During provider suspension operations can expect user queries regarding the absence of data and/or failure to create or augment orders pertaining to that provider based on inventory discovered prior to provider suspension.
Note that implicit dependencies on a suspended provider, such as catalog searches on data centers corresponding to suspended providers, will be silently removed such that the user will not know of any suspensions other than an absence of results for that provider.
Explicit dependencies on a provider such as placing orders against a provider or attempting to submit an order to a provider will result in an explicit error that is reported back to the client.
Also, such failures will be complete failures, meaning that batch operations will fail in their entirety even if not all of the items requiring processing in a batch relate to a suspended provider.

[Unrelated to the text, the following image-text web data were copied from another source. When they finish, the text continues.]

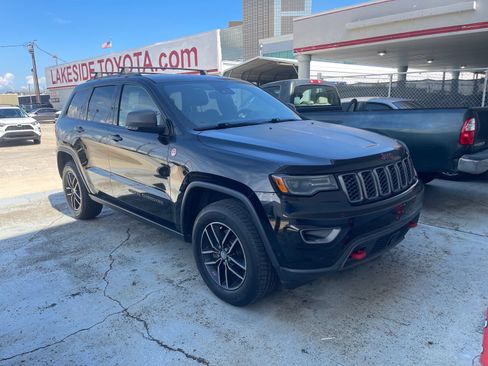 Used 2017 Jeep Grand Cherokee Trailhawk w/ Trailhawk Luxury Group AWD/4WD image 4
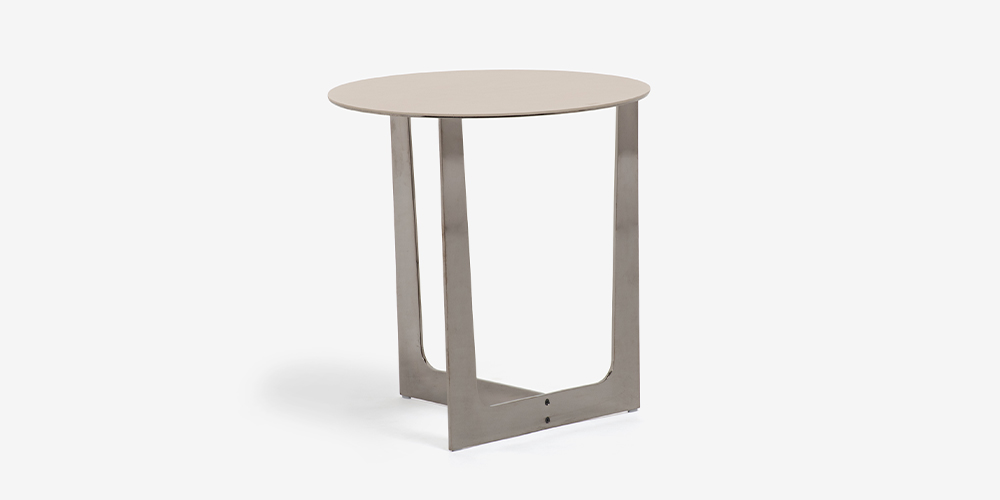 PoltronaFrau（ポルトローナ・フラウ）サイドテーブル「Ilary イラリー H55」丸53cm 革ライトグレー斜めから見た画像(2)
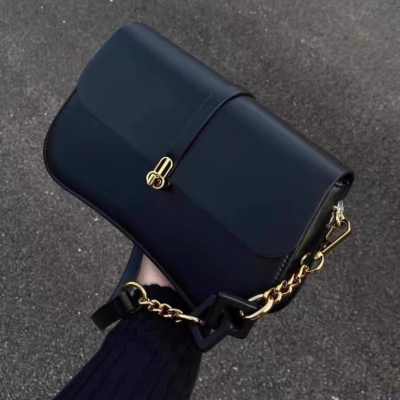 High quality baguette bag  fashion light luxury chain underarm saddle bag with a single shoulder crossbody bag women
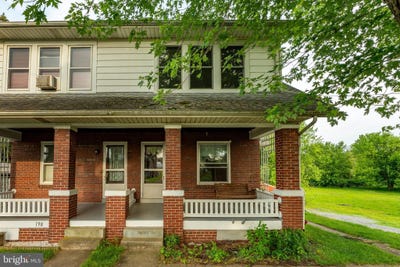 /international/us/196-galen-hall-road-reinholds-pa-110101063586/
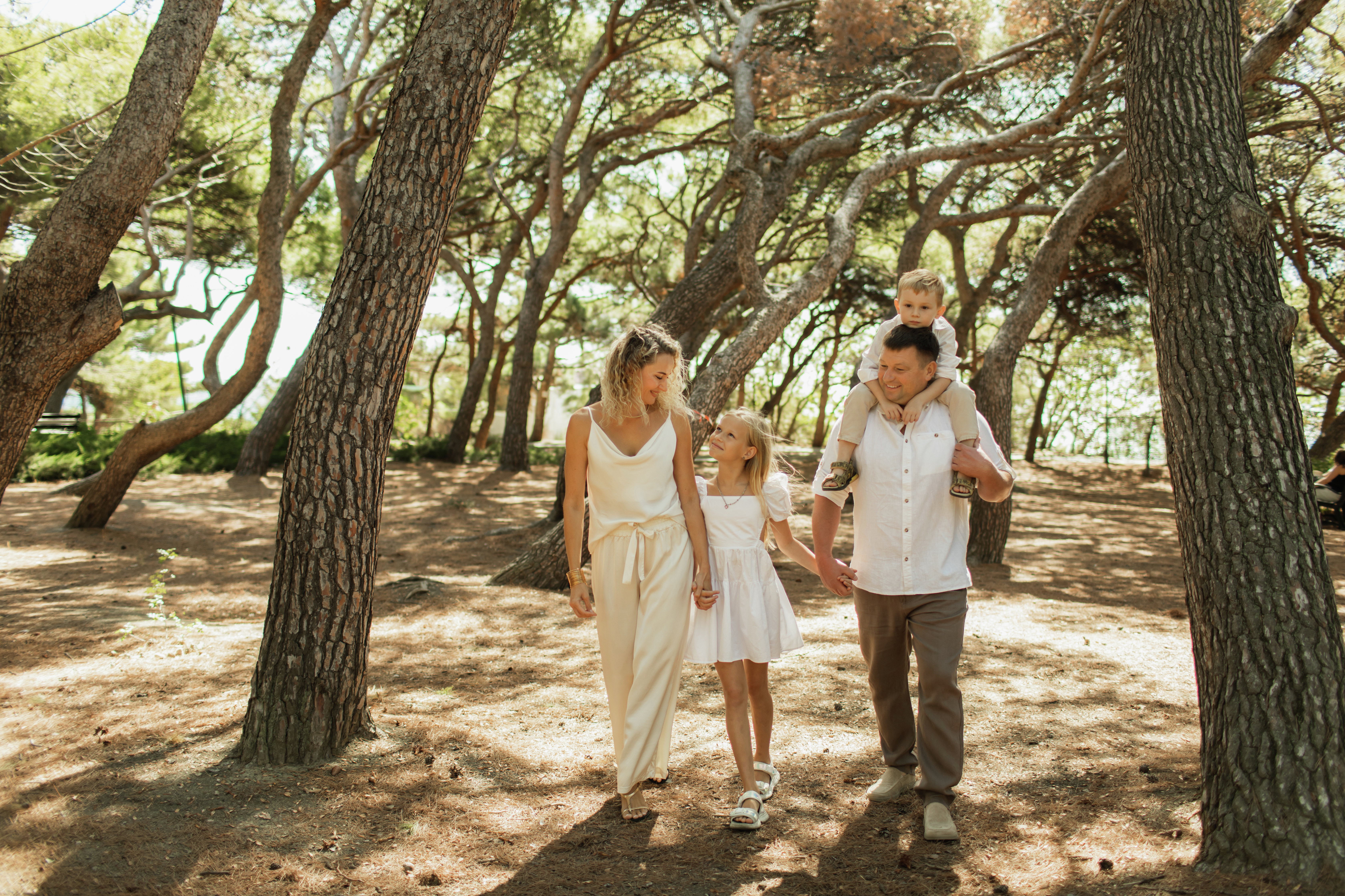 Отдыхающие в парке санатория «Форос»  Отдыхающие в парке санатория «Форос»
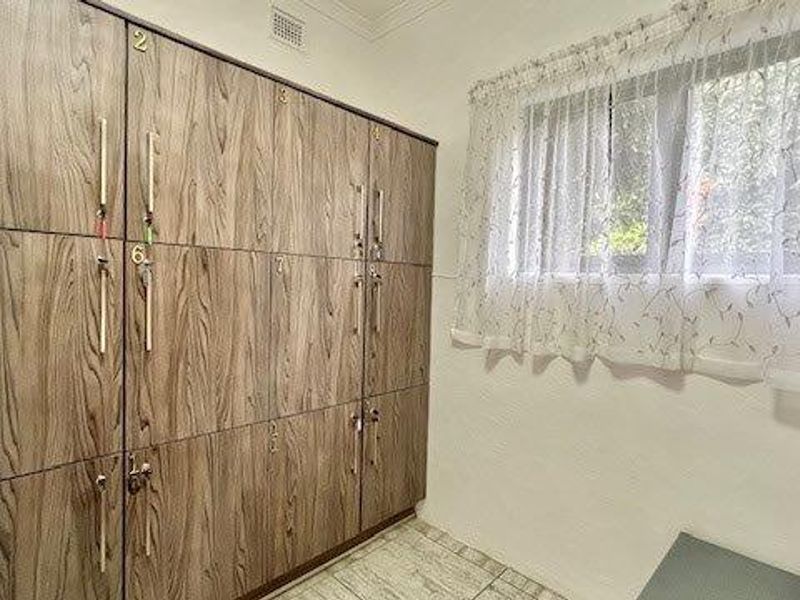 Elegant Coastal Masterpiece With Panoramic Ocean Vistas - Photo 10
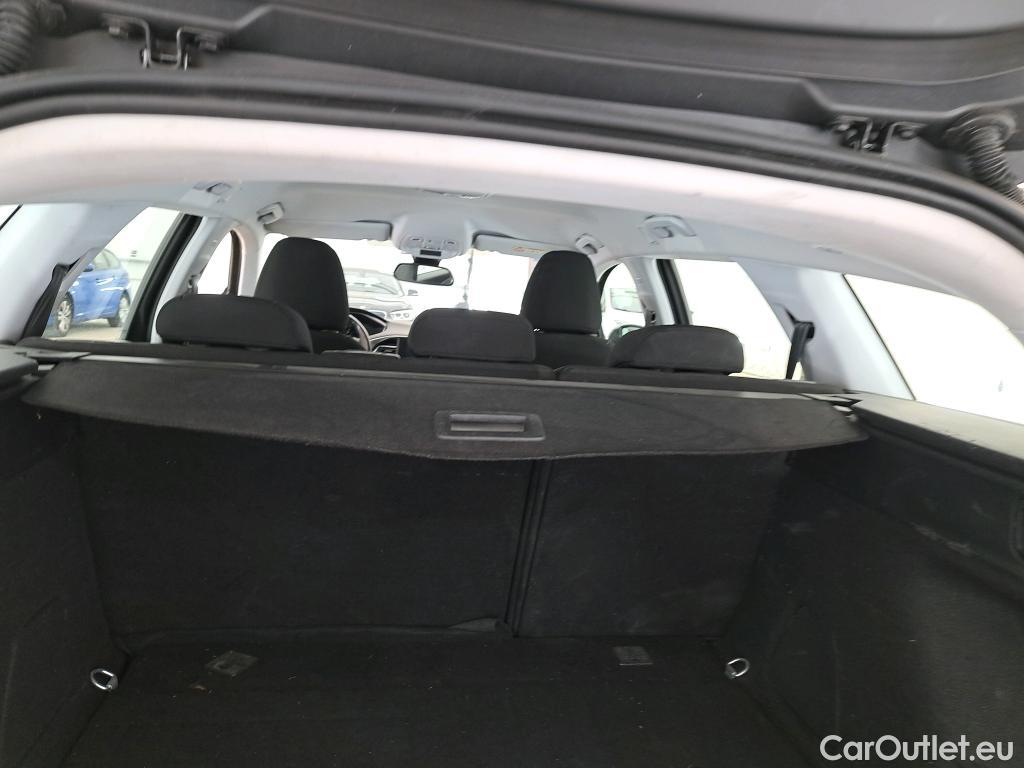  Peugeot  308 PEUGEOT  SW / 2017 / 5P / Break Puretech 110 S&S Active Business #35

Figure 1 : PUMP Suspend and Resume Provider page
To suspend a provider the admin user would click on the ‘SUSPEND’ button. The provider row details would then reflect the provider’s suspended status. To resume that provider the admin user would then click again on the same button which would now be labeled ‘RESUME’. Each click of the button will pop up a warning dialog box asking the user to confirm that they want to complete the operation.
Other Considerations
Provider suspension and the proposed Calendar Event Service.

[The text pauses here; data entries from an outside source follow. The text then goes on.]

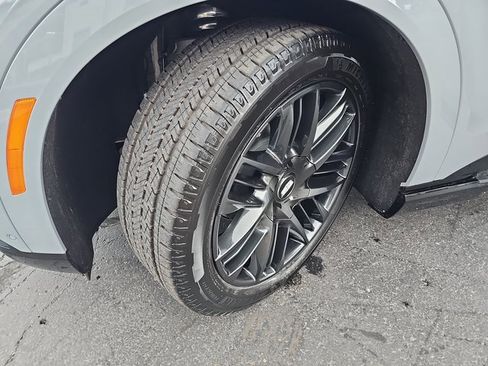 New 2026 Cadillac Escalade IQL Sport 1 w/ LPO, ONYX Package image 36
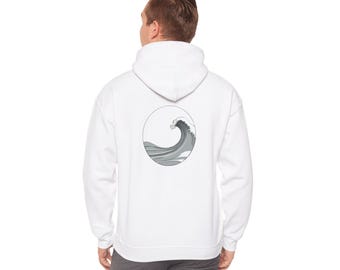 Peut inclure: Un sweat à capuche blanc avec un motif de vague grise et blanche à l'intérieur d'un cercle au dos. Le motif de la vague présente des nuances de gris et de blanc, créant une esthétique minimaliste. Le sweat à capuche a une capuche à cordon et une poche kangourou.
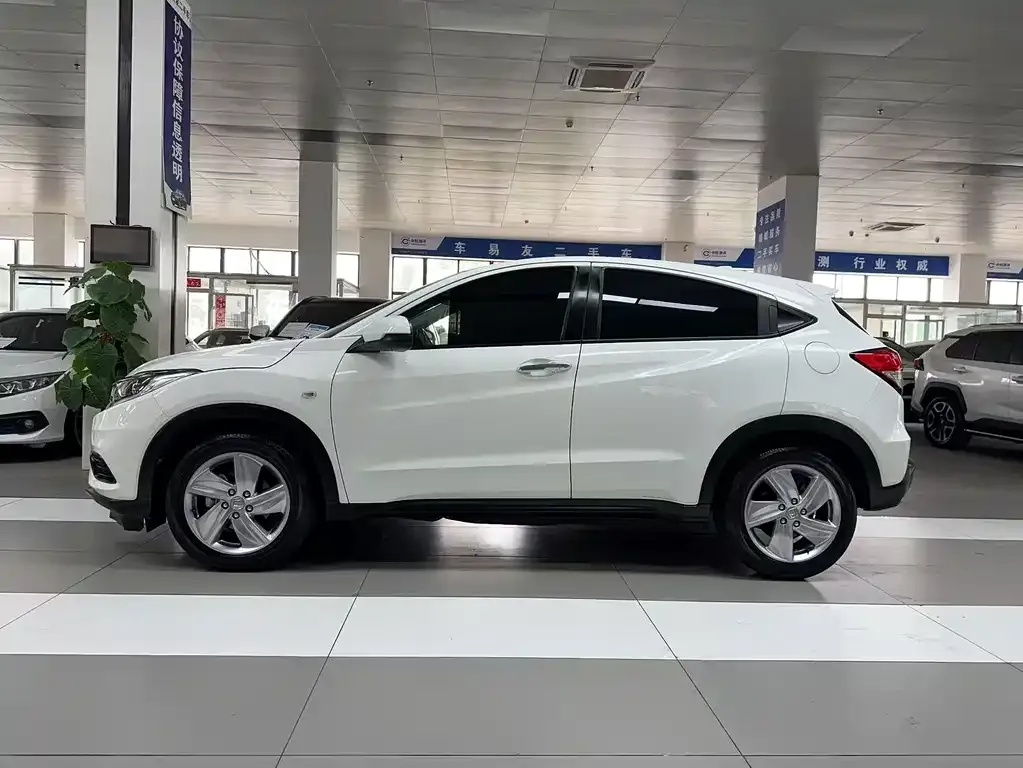 Honda Vezel 2021 из CN, фото 10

The Calendar Event Service Operations Concept involves submitting provider events to an ECHO service and allowing clients access to them so they can be displayed. A provider suspension is a good example of a provider event. The ‘suspend’ and ‘resume’ methods on the provider service API could not only perform the action but also register an event with the Calendar Service describing it. Note that the Calendar Service is not implemented as yet and this would not be in the current scope of this operations concept. Rather it is a suggested future feature for when the Calendar Service is implemented.
Queuing orders for suspended providers.
As an alternative to the simple failing of submit/cancel/quote order operations associated with suspended providers it may be better to immediately move the order to the retry queue. It should be noted that the chance of such cases occurring is small. To do this we would need some idea of when the provider would be resumed and schedule the processing accordingly. Estimated provider resumption time could be part of the SuspendProvider interface.
Note that we would not be able to validate orders that contain elements associated with a suspended provider since validation involves interrogation of the provider schema to ensure all catalog items exist and are orderable.
Prevent user login while acting on behalf of a suspended provider
The authentication service allows a user with sufficient credentials to login to ECHO on behalf of a provider. Should we allow users to login on behalf of a suspended provider?
There are a number of useful operations that can be carried out with a provider context set within PUMP that do not depend on the provider schema.
It could be useful to present a ‘read only’ view of the provider from PUMP for suspended providers.
Active queries and orders during provider suspension
How do we deal with these active operations when ECHO is shut down? Should we adopt a similar policy?
Silent failure on searches of suspended data centers
Should we skip these and carry on with our query, fail completely or report partial success with the query results from the running providers.
- 1 -